[
https://issues.apache.org/jira/browse/SOLR-13389?page=com.atlassian.jira.plugin.system.issuetabpanels:comment-tabpanel&focusedCommentId=16814714#comment-16814714
]
Hoss Man commented on SOLR-13389:
---------------------------------
First off, some notes on what I found when I went digging...

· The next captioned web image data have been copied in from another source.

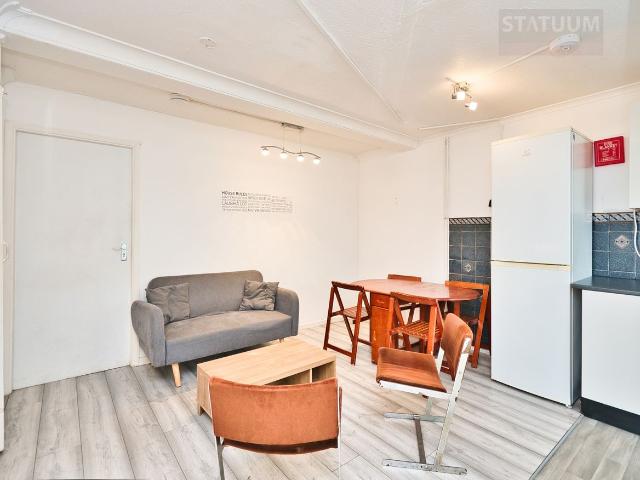 Off Burdett Road, Mile End, London E3, 4 bed maisonette to rent, £3,500 pcm | PrimeLocation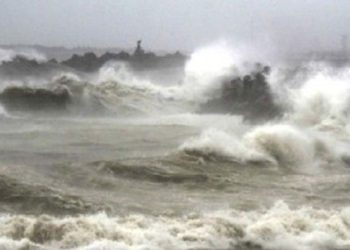 লঘুচাপের সৃষ্টি, সমুদ্রবন্দরে ৩ নম্বর সতর্ক সংকেত জারি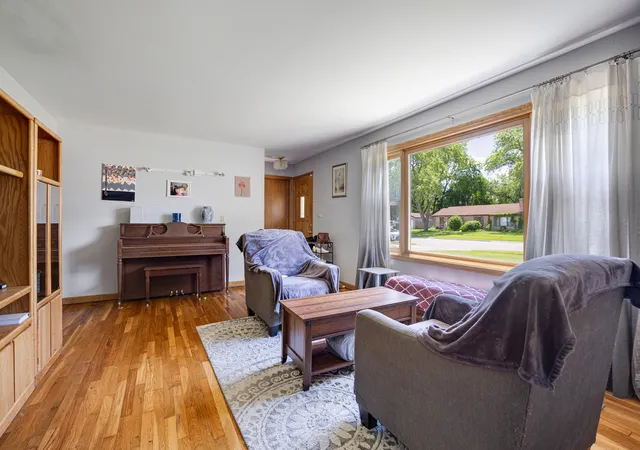4th image of 60 Arizona Ln, Hoffman Estates, IL 60169 | MLS# 12692451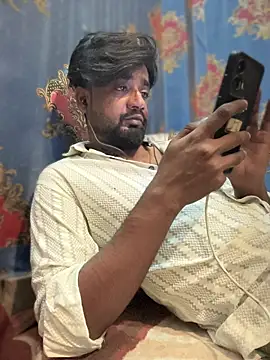 Snapshot of Munny6677 chatting on 11, 11, 2025 Munny6677 online show from 11, 11, 2025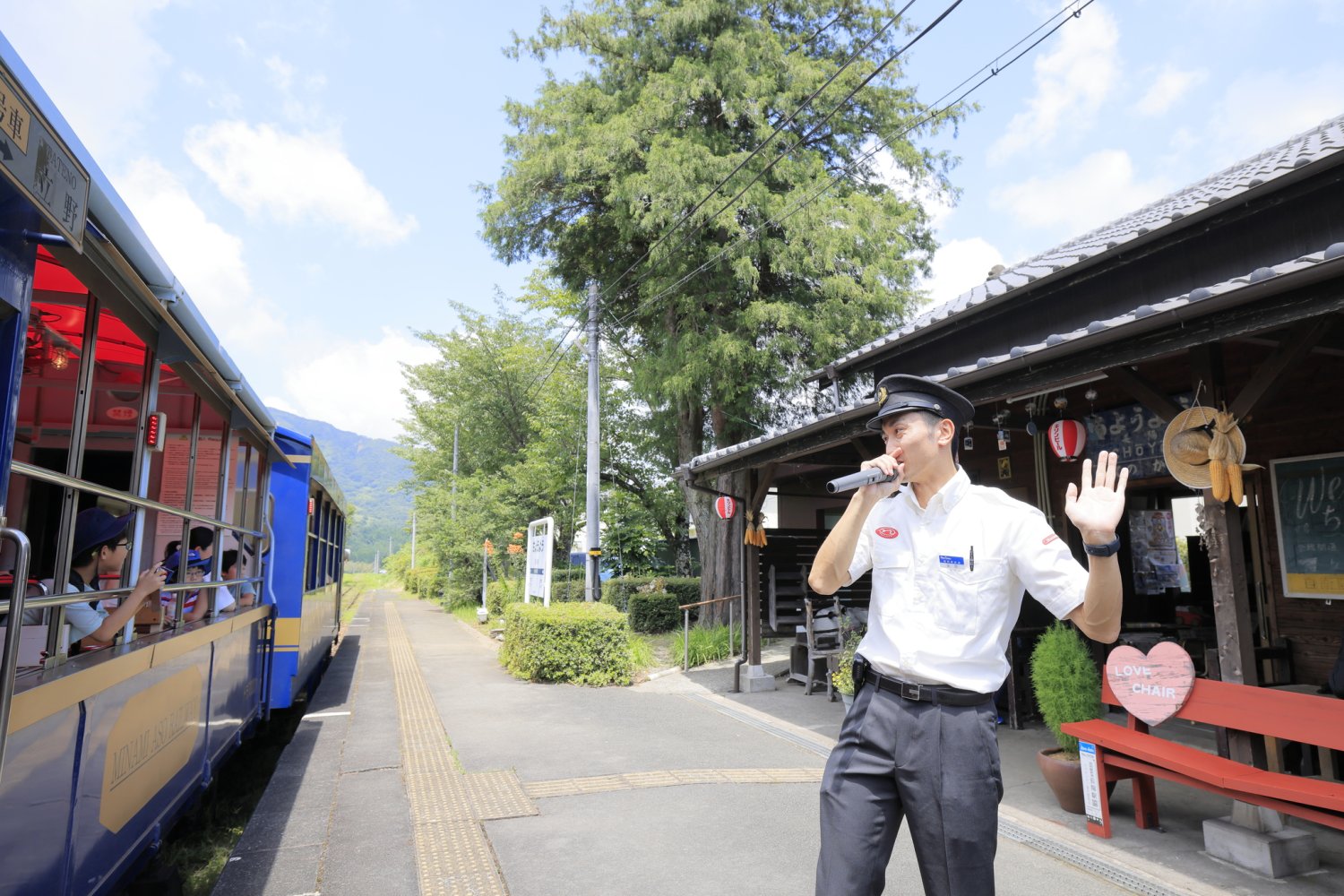 昭和3年(1928)、南阿蘇鉄道の前身である国鉄高森線開業当時の姿を残す。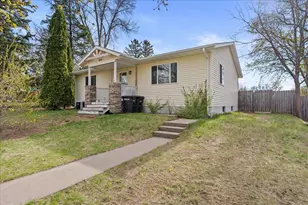 712 8th St NE, Little Falls, MN 56345 - Photo 2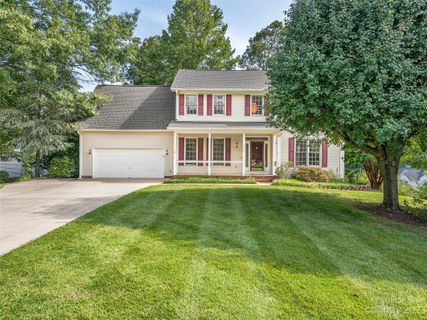 600 Carolina Holly Way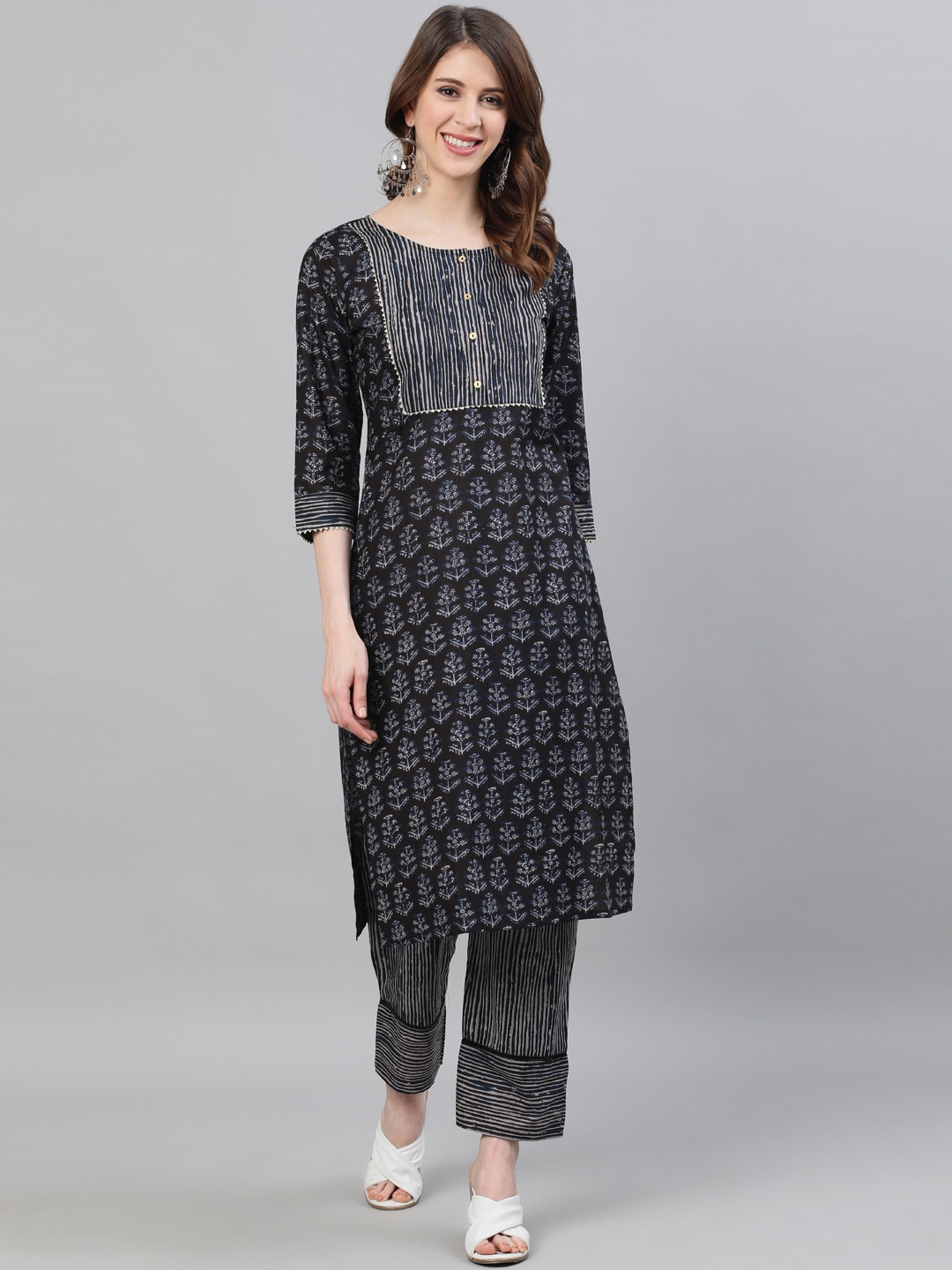 

Ishin Women Black & White Ethnic Motifs Printed Pure Cotton Kurta with Trousers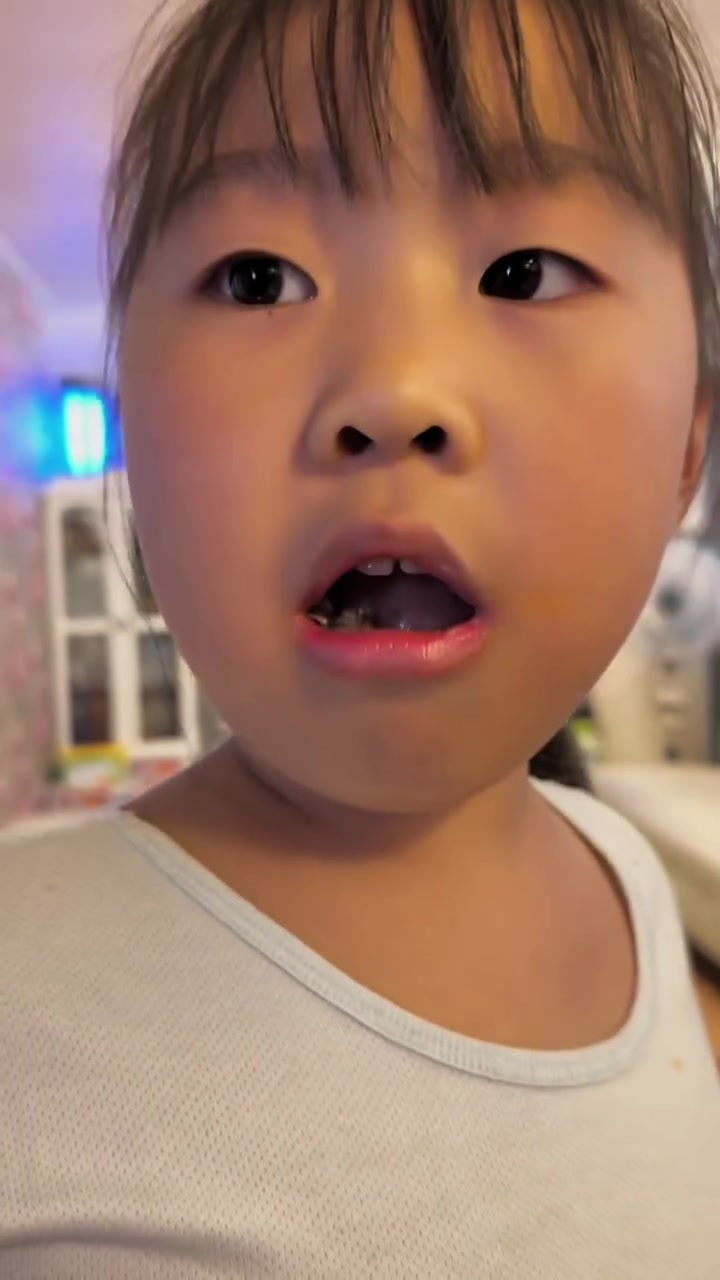 我只是买了一个勺子蛋糕,唱了一首生日快乐歌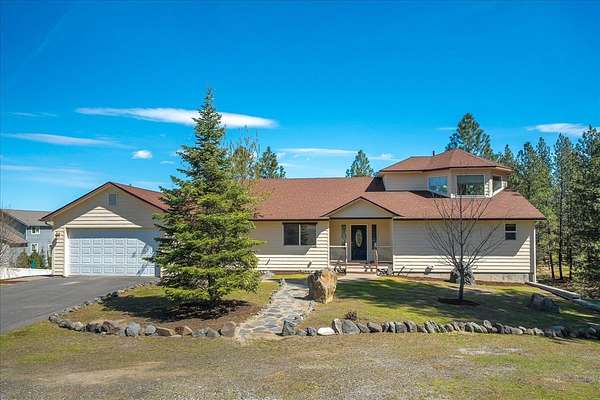 2.5 Acres of Land with Home for Sale in Spokane, Washington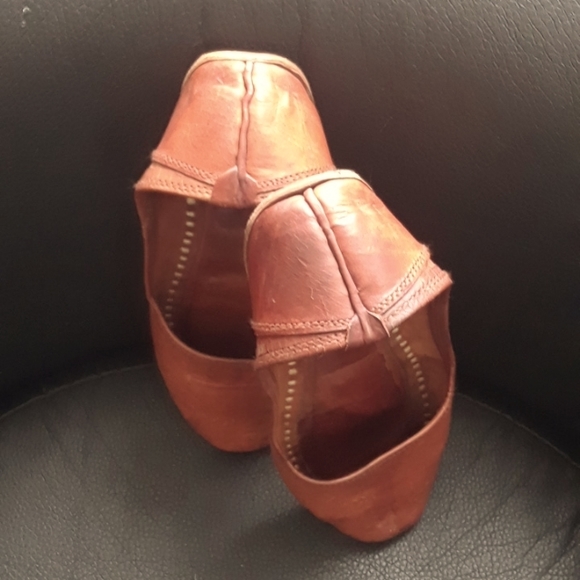 Handmade Camel Leather Flats from India. Tan. Size 8 - Picture 8 of 16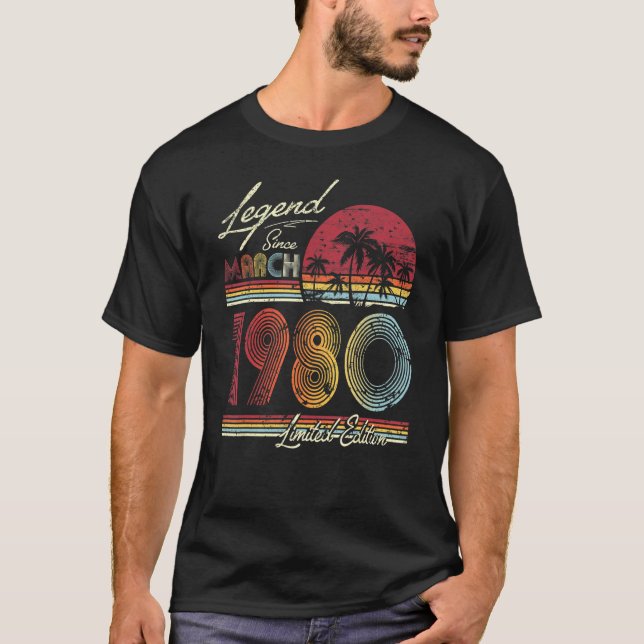 Camiseta As Legendas Foram Nasceres Em Março De 1980 42º An (Frente)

* {{SolrClientBuilder}} has a hardcoded default value of {{protected Integer
socketTimeoutMillis = 120000}} ... aka: *2 minutes*
** this serves as the default value for all of the SolrClient impls with
Builders that subclass it: HttpSolrClient, ConcurrentUpdateSolrClient,
LBHttpSolrClient, CloudSolrClient.
** *BUT* aproximately half of the places in solr/core that use a
SolrClient.Builder, override this default via {{withSocketTimeout(...)}}
*** in some cases hardcoded values are used that vary from as little as *1
second* (RecoveryStrategy) to as much as *2 minutes*
(OverseerCollectionMessageHandler, SyncStrategy & IndexFetcher)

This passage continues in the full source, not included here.